__What is expected__. Quote the material exactly from the line that contains "2/38 MADDOX ROAD, Newport VIC 3015" through its last line. Any pictures are to be left out.

__Stored data__.
════════════════

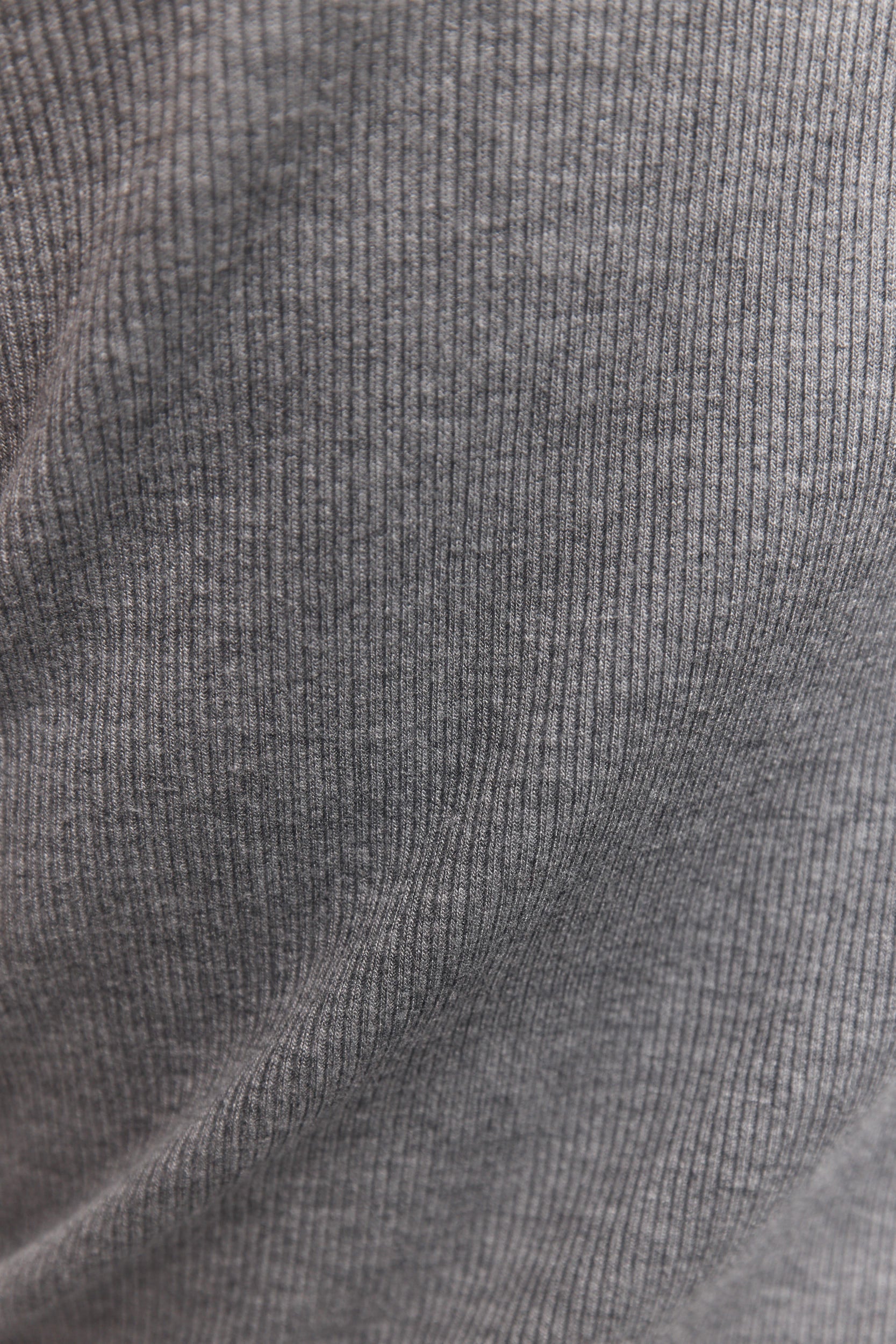 Bowery | Camisole grise à coutures apparentes - Image 6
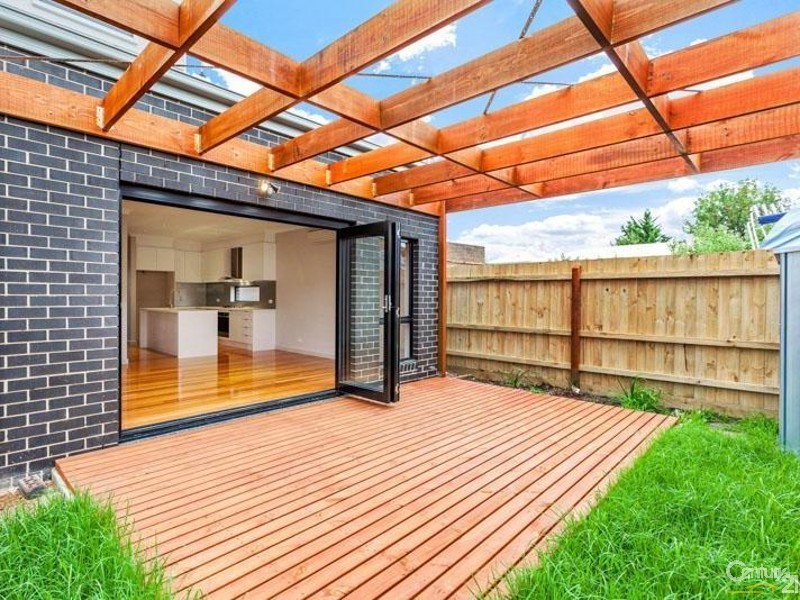2/38 MADDOX ROAD, Newport VIC 3015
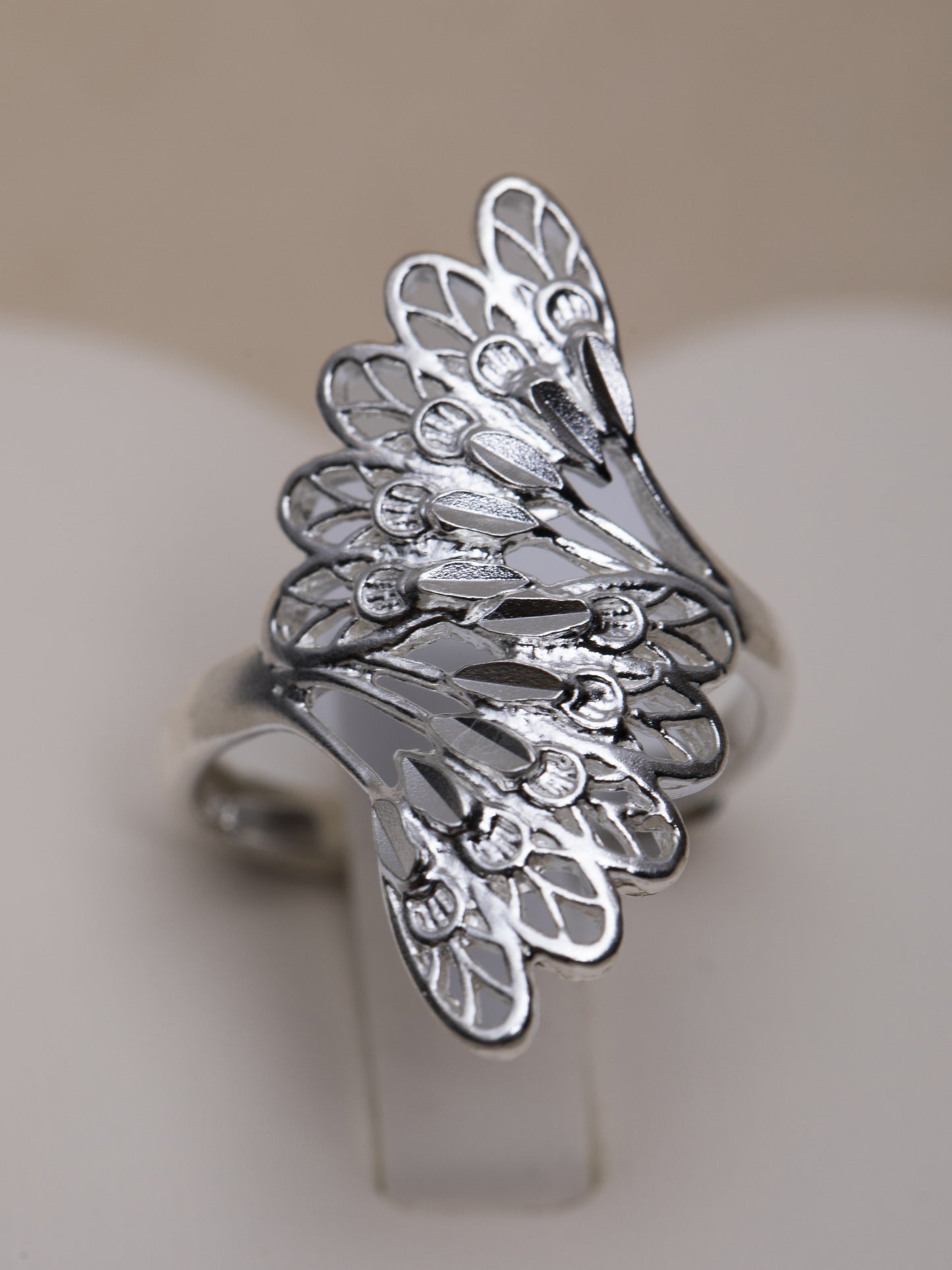 Anillo Abanicos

════════════════

__Result for this exercise__.
2/38 MADDOX ROAD, Newport VIC 3015
 Anillo Abanicos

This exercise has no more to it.